=== Begin Enclosure ===
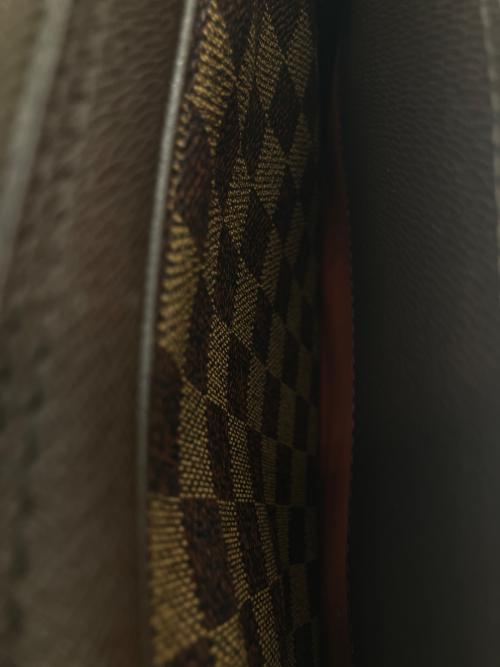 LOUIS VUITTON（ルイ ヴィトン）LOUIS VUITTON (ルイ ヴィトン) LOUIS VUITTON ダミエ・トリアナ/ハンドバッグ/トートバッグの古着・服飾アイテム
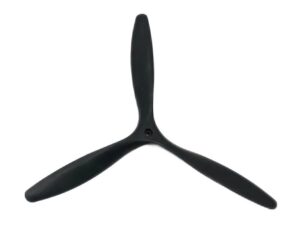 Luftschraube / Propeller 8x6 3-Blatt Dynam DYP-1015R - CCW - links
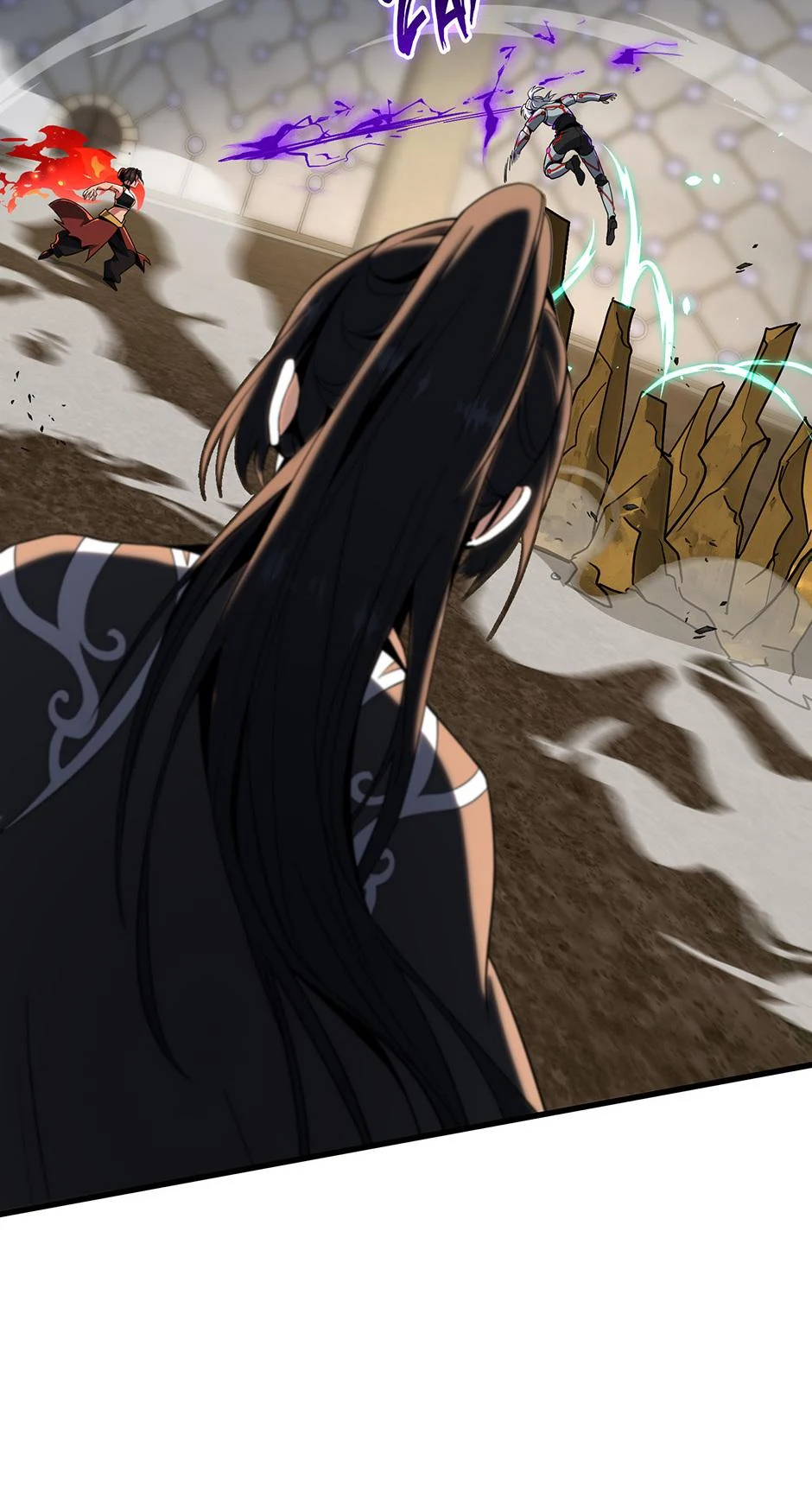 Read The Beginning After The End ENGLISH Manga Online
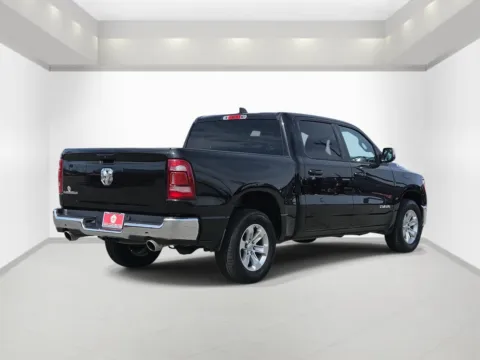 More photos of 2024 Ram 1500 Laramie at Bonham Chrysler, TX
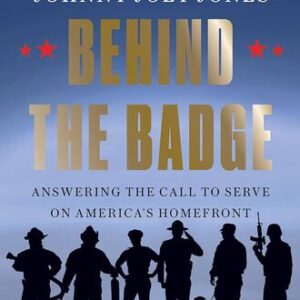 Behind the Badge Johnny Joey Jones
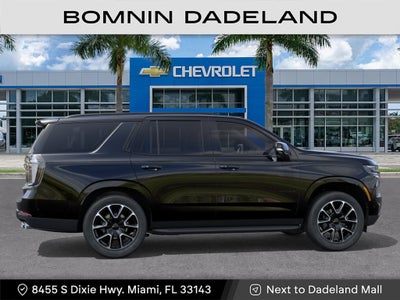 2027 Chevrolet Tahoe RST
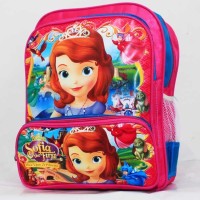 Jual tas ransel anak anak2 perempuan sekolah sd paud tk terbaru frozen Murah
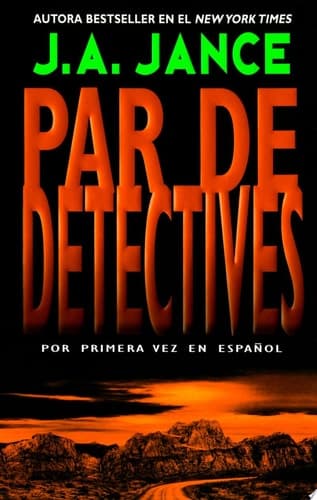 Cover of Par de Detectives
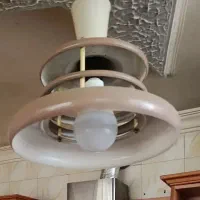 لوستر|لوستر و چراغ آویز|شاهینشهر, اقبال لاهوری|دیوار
=== End Enclosure ===
### Work item
Write every entry out again exactly, images omitted.

### Problem solution
 LOUIS VUITTON（ルイ ヴィトン）LOUIS VUITTON (ルイ ヴィトン) LOUIS VUITTON ダミエ・トリアナ/ハンドバッグ/トートバッグの古着・服飾アイテム
 Luftschraube / Propeller 8x6 3-Blatt Dynam DYP-1015R - CCW - links
 Read The Beginning After The End ENGLISH Manga Online
 More photos of 2024 Ram 1500 Laramie at Bonham Chrysler, TX
 Behind the Badge Johnny Joey Jones
 2027 Chevrolet Tahoe RST
 Jual tas ransel anak anak2 perempuan sekolah sd paud tk terbaru frozen Murah
 Cover of Par de Detectives
 لوستر|لوستر و چراغ آویز|شاهینشهر, اقبال لاهوری|دیوار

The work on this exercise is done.